In the records below, find the line that contains "2019 NISSAN Altima". Retype that line and all the lines after it through the end, leaving out the pictures.

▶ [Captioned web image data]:
========

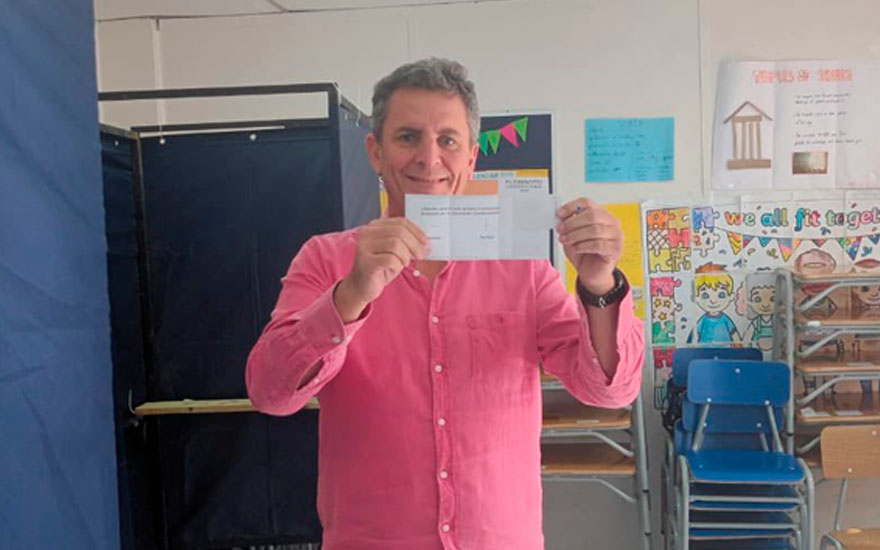 Gonzalo de la Carrera rompió la ley y subió foto mostrando su voto
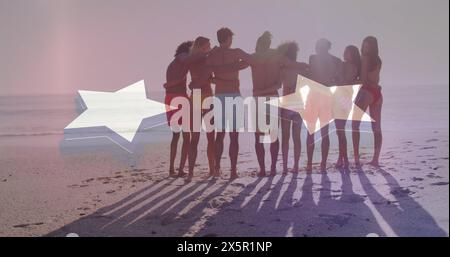 Immagine della bandiera americana su un gruppo di amici diversi che abbracciano la spiaggia Foto Stock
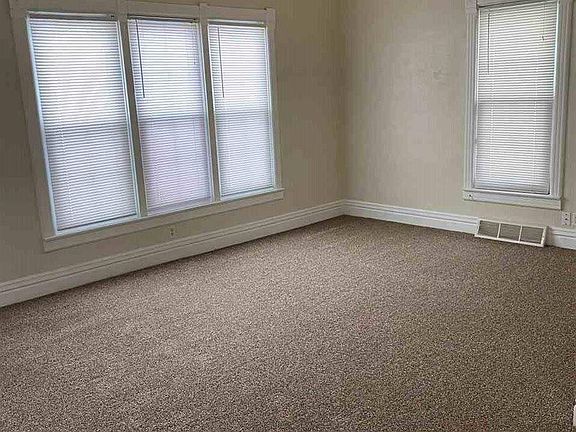 5th image of 1418 Ross St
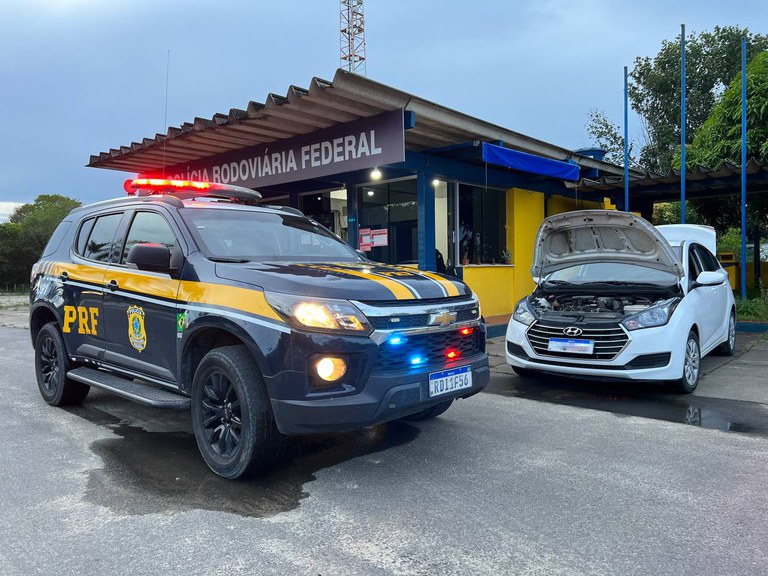 O condutor do automóvel, um homem de 43 anos, informou aos policiais que comprou o veículo através de um anúncio da internet. Disse ainda que deu um valor de R$ 23 mil de entrada e assumiu 40 prestações de 690 reais.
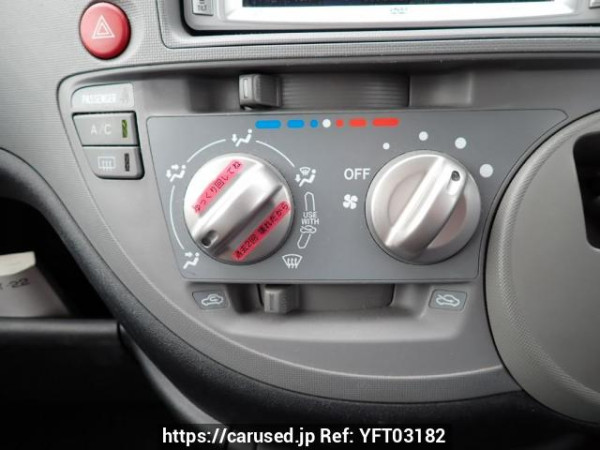 Used 2005 AT toyota sienta NCP81G Image[25]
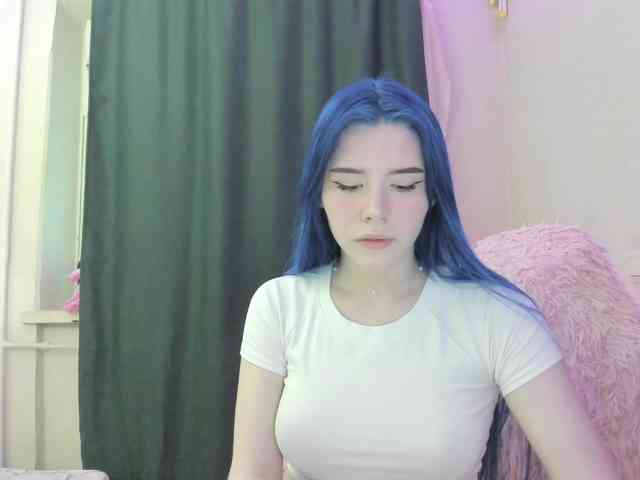Yoursissydoll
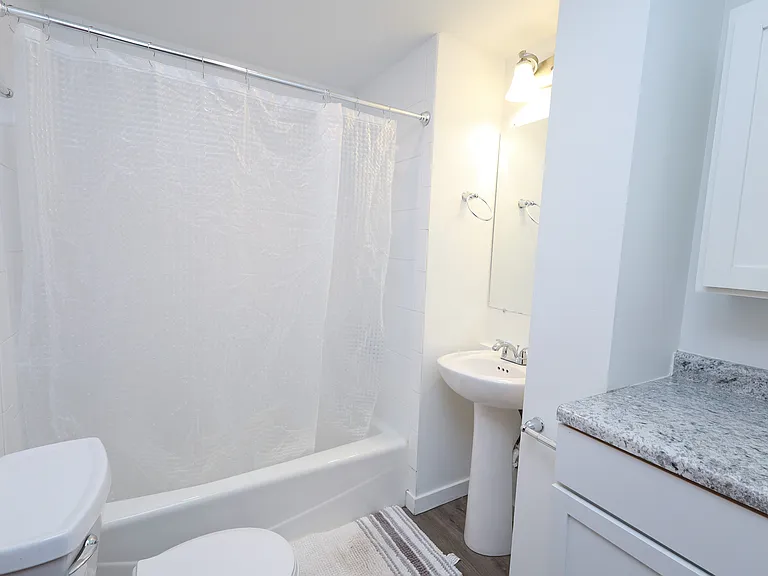 Yale Apartments — Photo 37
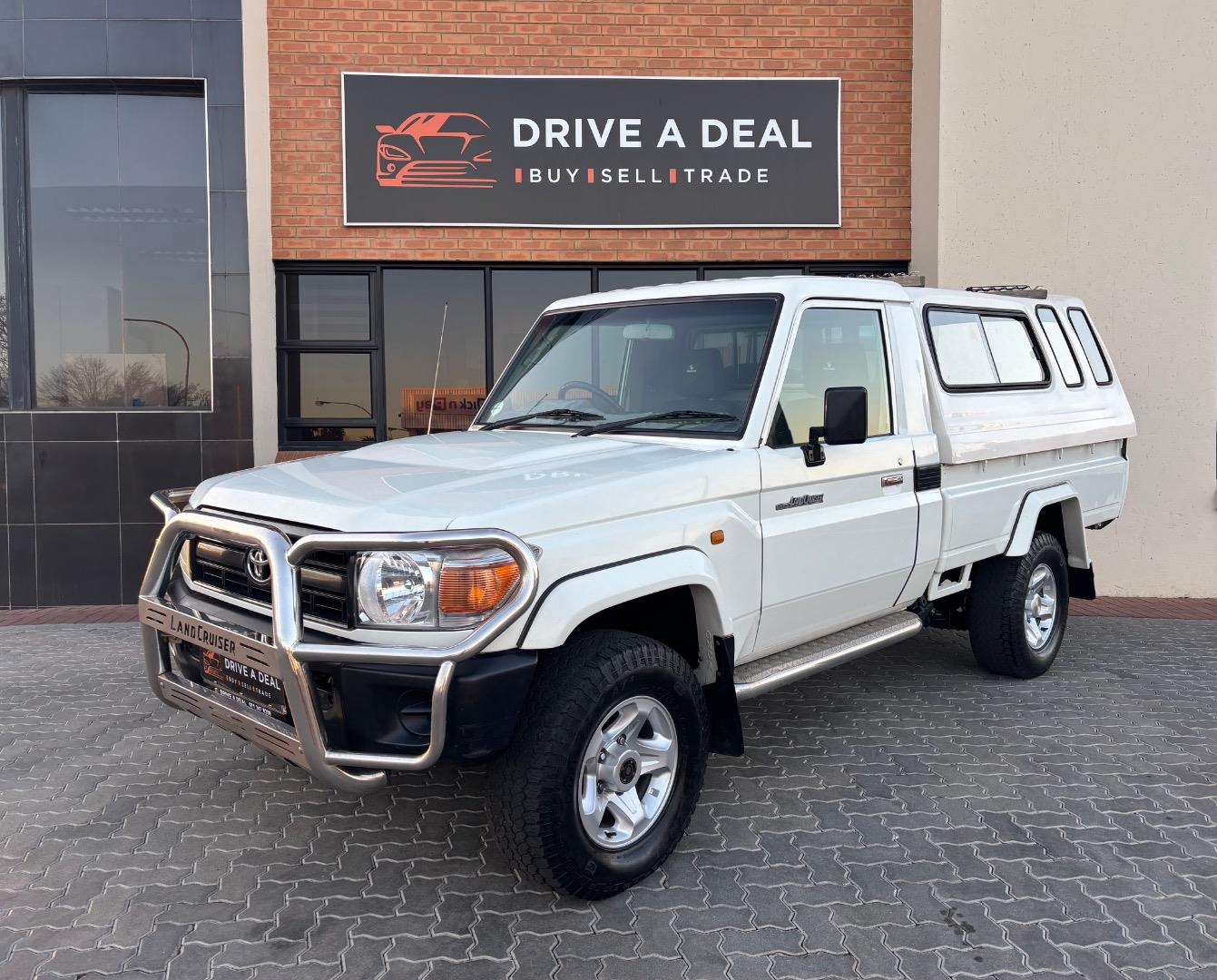Toyota Land Cruiser 70 4.2D Drive A Deal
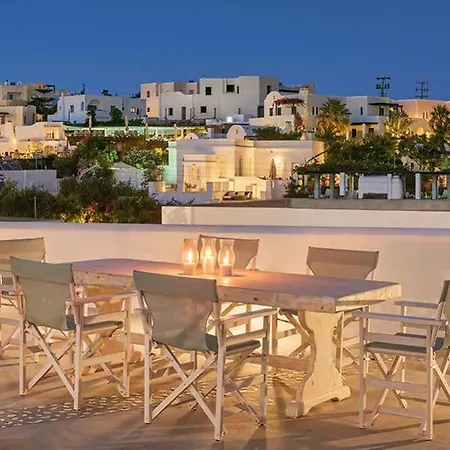 Nereids Santorini 梅加洛克里
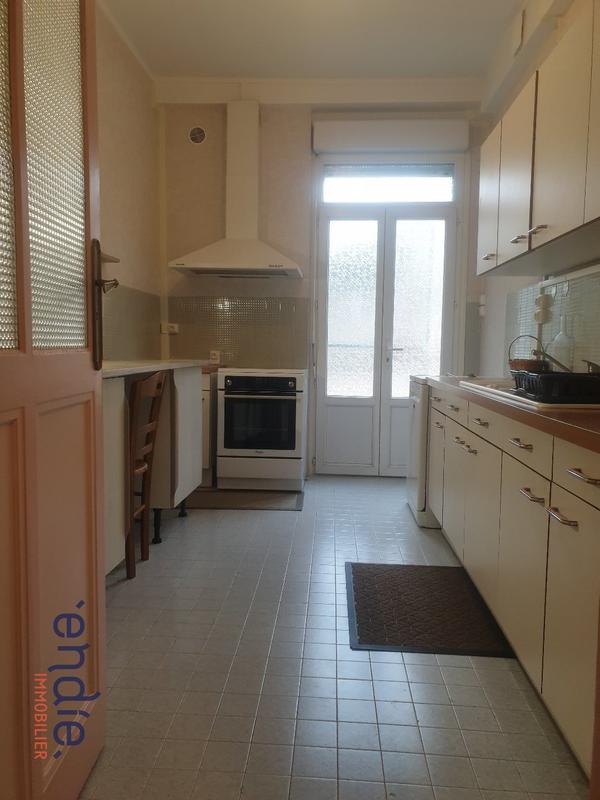 Appartement ancien - 134 m² - 6 pièces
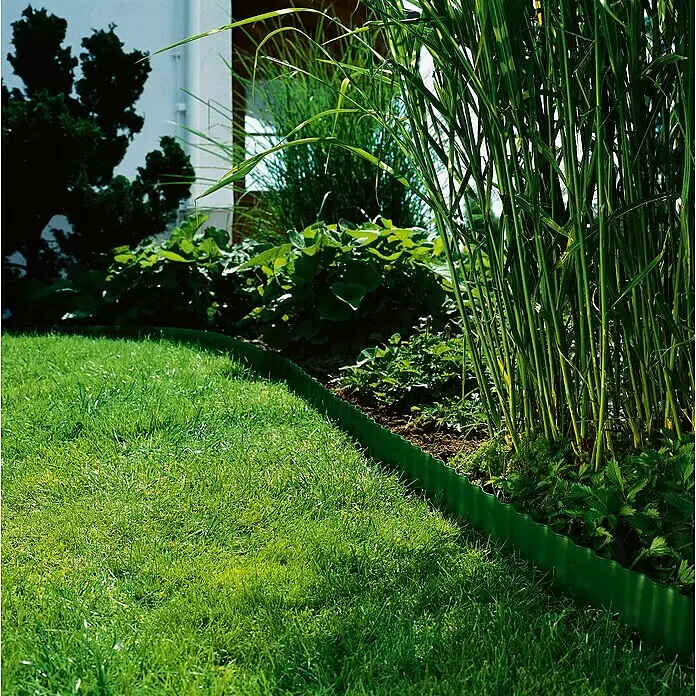 Gardena Rasenkante - Grün, 9 m x 9 cm, Kunststoff - Grüne Wellenrasenkante trennt Rasen und Beet.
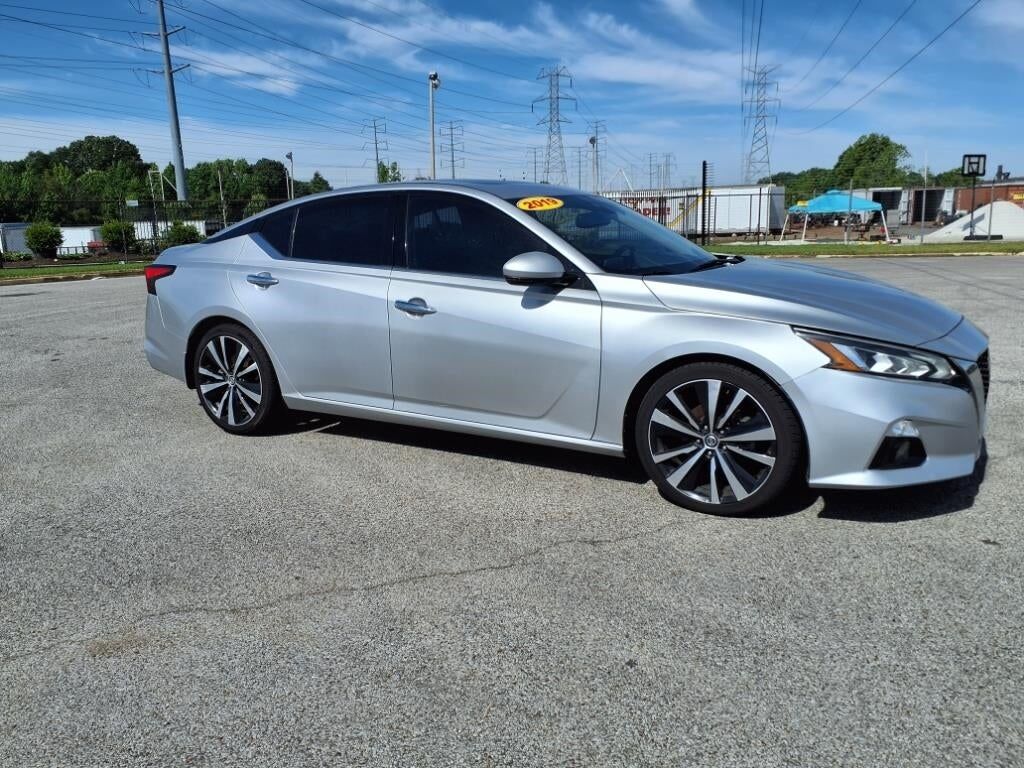 2019 NISSAN Altima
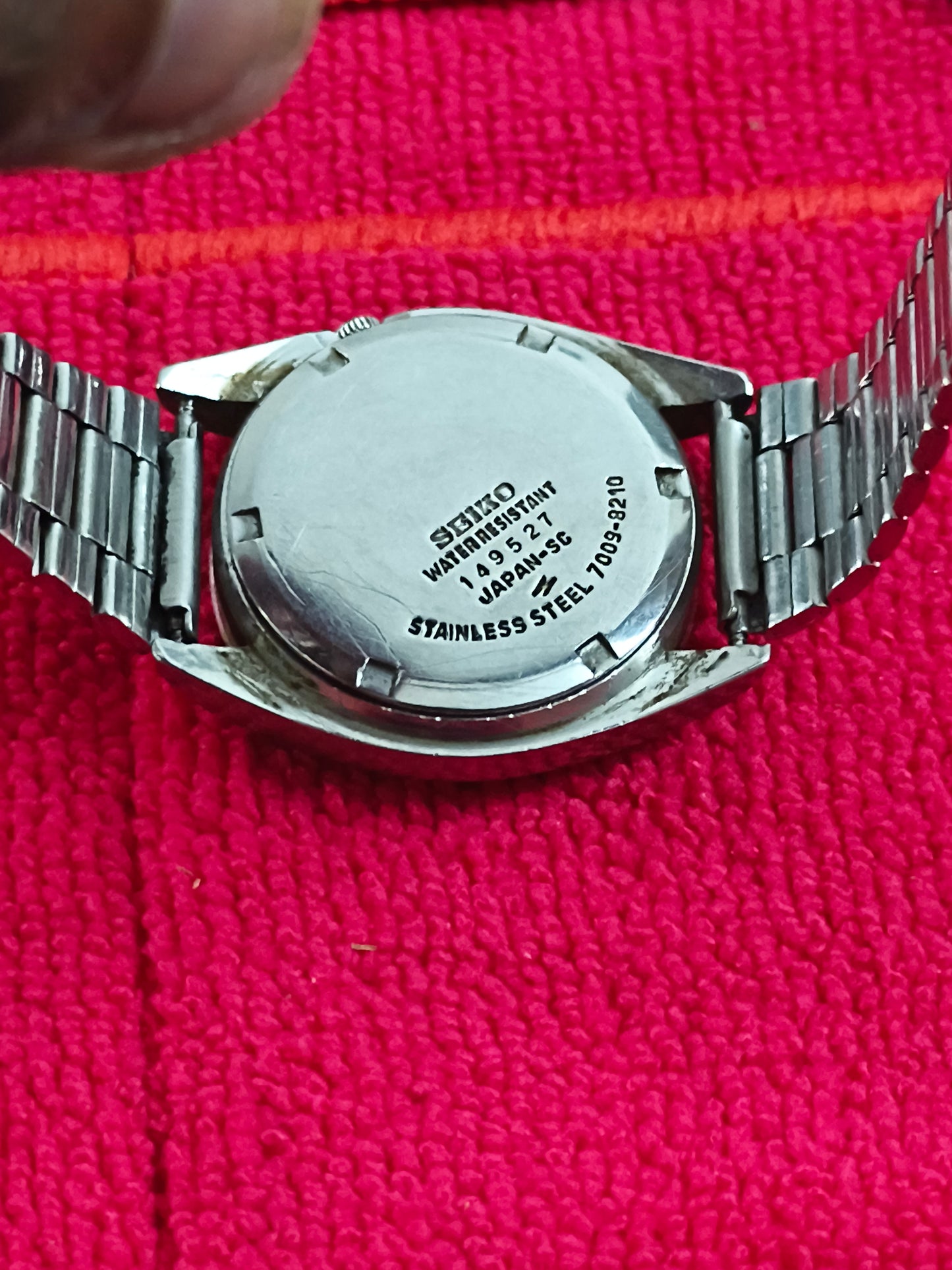 Seiko 5 Automatic Day Date Vintage Watch with Calibre 7009 and Black Dial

========

▶ [Answer to this exercise]:
 2019 NISSAN Altima
 Seiko 5 Automatic Day Date Vintage Watch with Calibre 7009 and Black Dial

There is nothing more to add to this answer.